MORGAN HILL
– Reports that a convicted child molester would be coming to
live in Morgan Hill set off a wave of speculation and phone calls
to police and City Hall this weekend and Monday.
The reports caused city officials and Chief of Police Jerry
Galvin an uncomfortable time Monday as they tried to uncover the
truth.
MORGAN HILL – Reports that a convicted child molester would be coming to live in Morgan Hill set off a wave of speculation and phone calls to police and City Hall this weekend and Monday.

The reports caused city officials and Chief of Police Jerry Galvin an uncomfortable time Monday as they tried to uncover the truth.

What can be verified is that Santa Clara County Superior Court Judge Robert Baines will hold a hearing Wednesday to determine a release site for Brian DeVries, who is in the Atascadero State Mental Facility and labeled a sexually violent predator.

The rumor started with a flyer handed out at a local church Sunday morning saying that DeVries would be released Wednesday to an address on West Main Avenue. By Monday morning the flyer was making the rounds on e-mail and Galvin said he had heard from Mayor Dennis Kennedy and City Manager Ed Tewes, both wanting to know if the rumors were true and what he was going to do about it.

“We are trying to find out if this is true,” Tewes said Monday. “If it is, we would find out who the decision-makers are and provide that information to the community; and we would take action ourselves.”

Kennedy said he received a call from a resident who found a flyer on her door.

“She wanted to know if it was true,” he said. “We certainly don’t want this individual in Morgan Hill; it’s a very small and family-oriented community and this West Main location would be just absolutely inappropriate.”

DeVries was to be released to a sparsely populated area on Monterey Road, in San Jose, considerably north of Morgan Hill. The plans were nixed after the motel owner said no deal had been reached after a series of news reports.

The outcry from San Jose residents not wanting DeVries in their midst also caused the release to be derailed, according to Nora Romero, spokeswoman for the state Department of Mental Health.

Citizens in Morgan Hill are beginning to protest, too.

West Main stretches from Monterey Road to El Toro Mountain and passes by P.A. Walsh and St. Catherine’s schools and the Morgan Hill Library and is near Galvan Park, the YMCA, the El Toro Youth Center and several day care centers. The area is densely populated with families and children.

“We need to let our city and county officials know that we do not want this molester in our neighborhood or any other neighborhood,” the flyer said. And it encouraged readers to contact the city and police department, which they did.

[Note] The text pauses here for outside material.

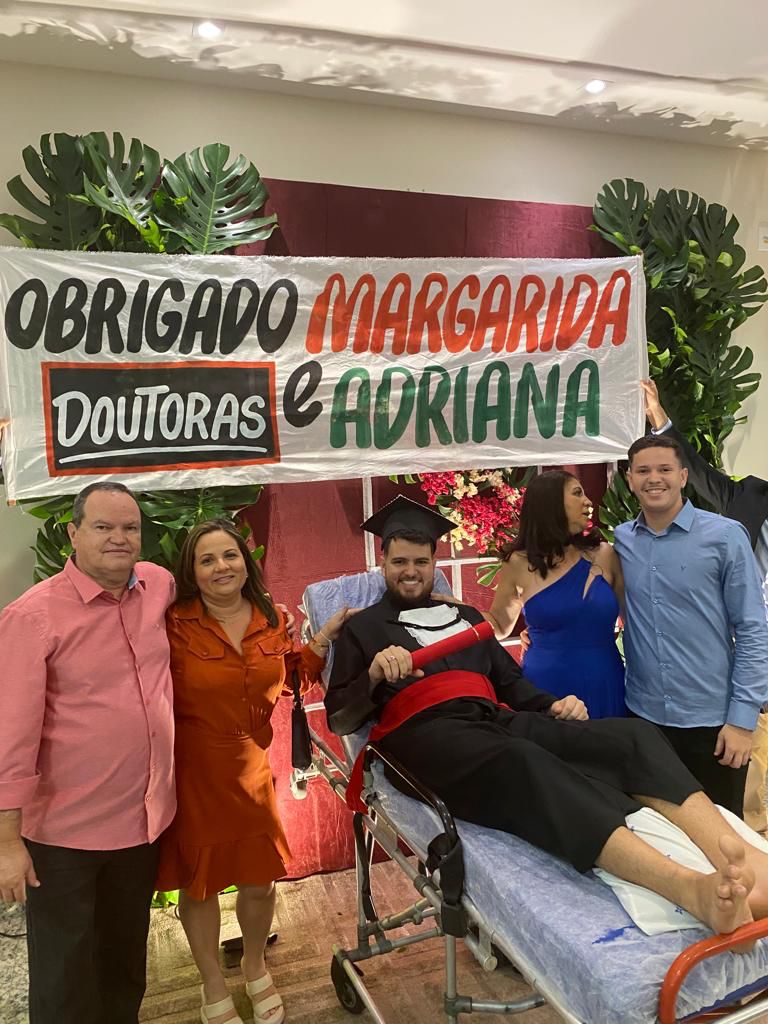 Paciente com Trombose Venosa Profunda participa de sua formatura presencialmente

DeVries was convicted of molesting an 8-year-old boy in 1994 and had been previously convicted in several other states, starting in 1978. He had admitted to doctors that he had molested as many as 50 boys, the flyer said. In August 2002 DeVries was castrated and fulfilled a program for sexually violent predators.

Since he has completed his sentence in the state prison facility and was not paroled, DeVries will not be supervised by the Probation Department but will be watched through a new state program, but only if some city in the county accepts him by June 28.

“In the worst-case scenario,” Romero said, “if we can’t find housing for him, he will be released unconditionally and we won’t know where he is.”

She said that DeVries, if he is released soon, will be the first former inmate in California designated as a sexually violent predator to go into the community treatment program. The state has contracted with Liberty Healthcare to run the program with the intention of supervising and monitoring the subjects.

“Anybody who is released by the courts,” Romero said, “will be released back into the county of origin – in this case, Santa Clara County.”

At the hearing, Romero said, the Department of Health will report on DeVries, and will attempt to settle on a conditional release site. She said the hearing will most likely occur in the afternoon.

“In the past these hearings have been public,” she said. She expects Wednesday’s hearing to be open to the public also.

“If there is any plan to dump him (DeVries) on our community, I will do everything I can to stop it,” Kennedy said.

He recommends that, if the rumor is true, that citizens organize and put together a vocal public campaign.

“I’d be happy to lead that,” Kennedy said.

Romero had some words of comfort for West Main Avenue residents.

“Whatever location we settle on,” she said, “we wouldn’t be releasing him right in the middle of an area with schools.”

Brian DeVries is scheduled to appear Wednesday before Superior Court Judge Robert Baines, Dept. 1, 191 North First St., San Jose.